● **Task prompt**: Your whole reply should be the lines from the one that contains "Camels Mating Camels Mating" through the last line of the listing, copied exactly.

● **Task inputs**:
===
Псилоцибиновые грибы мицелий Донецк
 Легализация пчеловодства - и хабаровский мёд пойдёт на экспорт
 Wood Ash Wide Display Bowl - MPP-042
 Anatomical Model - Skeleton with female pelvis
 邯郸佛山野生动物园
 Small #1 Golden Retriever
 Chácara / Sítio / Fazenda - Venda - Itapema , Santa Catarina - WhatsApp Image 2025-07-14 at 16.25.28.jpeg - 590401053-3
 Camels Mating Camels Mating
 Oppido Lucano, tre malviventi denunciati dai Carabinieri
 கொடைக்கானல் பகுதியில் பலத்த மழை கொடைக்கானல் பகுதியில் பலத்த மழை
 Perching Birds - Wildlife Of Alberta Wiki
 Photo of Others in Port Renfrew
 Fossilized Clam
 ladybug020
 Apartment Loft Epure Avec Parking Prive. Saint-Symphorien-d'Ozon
===
● **Expected output**:
 Camels Mating Camels Mating
 Oppido Lucano, tre malviventi denunciati dai Carabinieri
 கொடைக்கானல் பகுதியில் பலத்த மழை கொடைக்கானல் பகுதியில் பலத்த மழை
 Perching Birds - Wildlife Of Alberta Wiki
 Photo of Others in Port Renfrew
 Fossilized Clam
 ladybug020
 Apartment Loft Epure Avec Parking Prive. Saint-Symphorien-d'Ozon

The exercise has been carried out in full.